This framework treats data loading as part of backtest realism, not just an I/O detail. A fast load is only useful if the replay still exposes the same L2 book state, trade prints, missing-hour gaps, and source failures that a live strategy would have faced.
Mental Model
Public Polymarket book runners load L2 OrderBookDeltas, then interleave real
TradeTick records for execution matching. Strategies should read the L2 book;
trade ticks exist so Nautilus can advance queue position and match fills.
Every runner has explicit source intent in MarketDataConfig.sources:
MarketDataConfig(
platform=Polymarket,
data_type=Book,
vendor=PMXT,
sources=(
"local:/Volumes/storage/pmxt_data",
"archive:r2v2.pmxt.dev",
"archive:r2.pmxt.dev",
),
)
MarketDataConfig(
platform=Polymarket,
data_type=Book,
vendor=Telonex,
sources=(
"api:",
"local:/Volumes/storage/telonex_data",
),
)
PMXT source entries accept local: and archive:. Telonex source entries accept
local: and api:. The fast cache layers are implicit and should not be listed
as explicit sources.
Staged Loading
Multi-market backtests do not load each replay end-to-end in isolation. They use staged loading:
- Resolve market metadata and instruments.
- Plan the source work for all requested windows.
- Load cache/local/archive/API source data with a larger source-stage worker pool.
- Convert loaded source data into Nautilus replay records with a smaller materialization worker pool.
- Merge book deltas and execution trade ticks, then hand records to Nautilus.
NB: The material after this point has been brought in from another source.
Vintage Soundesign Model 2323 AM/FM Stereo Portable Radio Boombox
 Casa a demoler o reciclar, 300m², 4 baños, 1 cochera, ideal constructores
This is faster because repeated source work is shared. PMXT can scan one raw hour once, filter it for many market/token requests, and write each filtered slice to cache. Telonex can fan out day reads while still limiting the expensive conversion stage. The memory-heavy step is deliberately narrower so high source concurrency does not mean dozens of full replay objects are materialized at the same time.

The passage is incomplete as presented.